-- Work to be completed --
Transcribe only the part of the material below that begins at the line containing "Eureka Style PL Genuine 3 pack" and ends at the line containing "Marvel Legends Retro Collection - Spider-Man", with both kept and images left out.
(Information)
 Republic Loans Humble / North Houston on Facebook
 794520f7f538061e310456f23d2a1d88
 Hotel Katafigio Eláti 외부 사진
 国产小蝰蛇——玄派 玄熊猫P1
(End Information)
(Information)
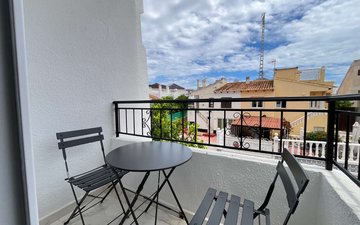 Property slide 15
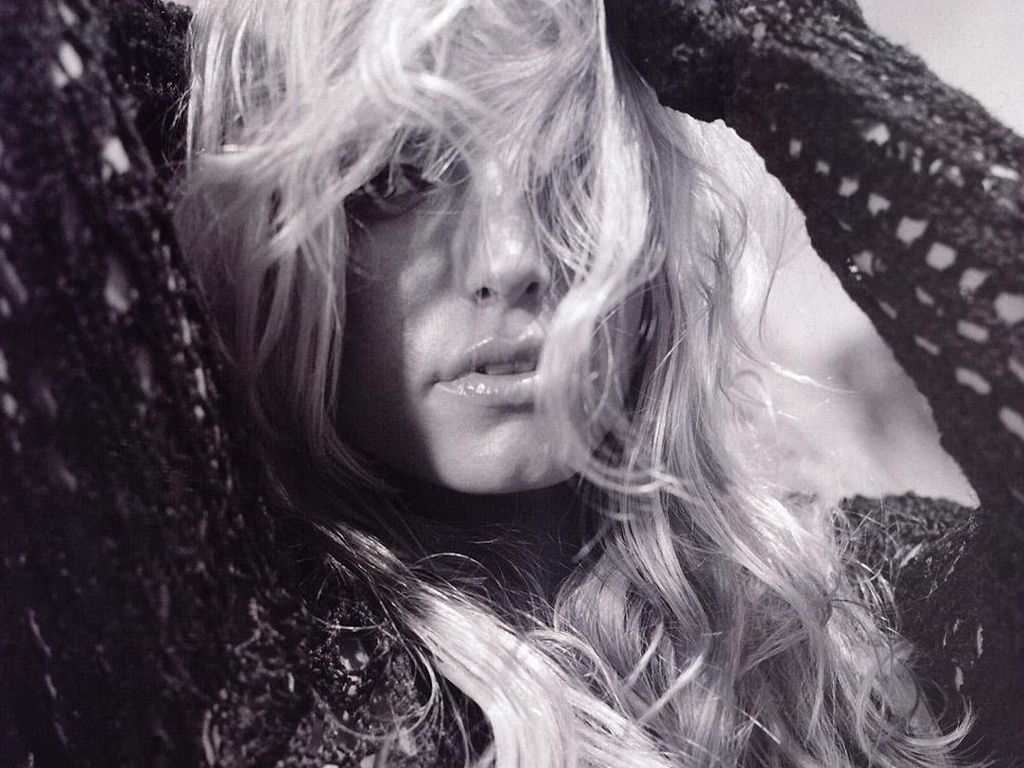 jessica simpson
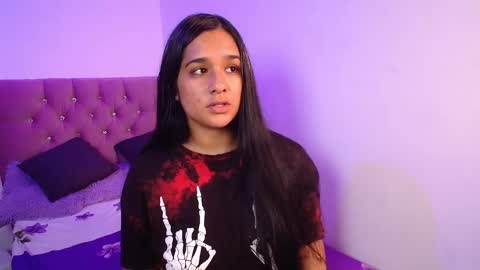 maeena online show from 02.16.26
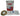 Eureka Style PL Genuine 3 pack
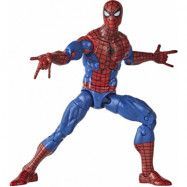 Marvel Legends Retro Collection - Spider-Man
(End Information)
-- Solution for this task --
 Eureka Style PL Genuine 3 pack
 Marvel Legends Retro Collection - Spider-Man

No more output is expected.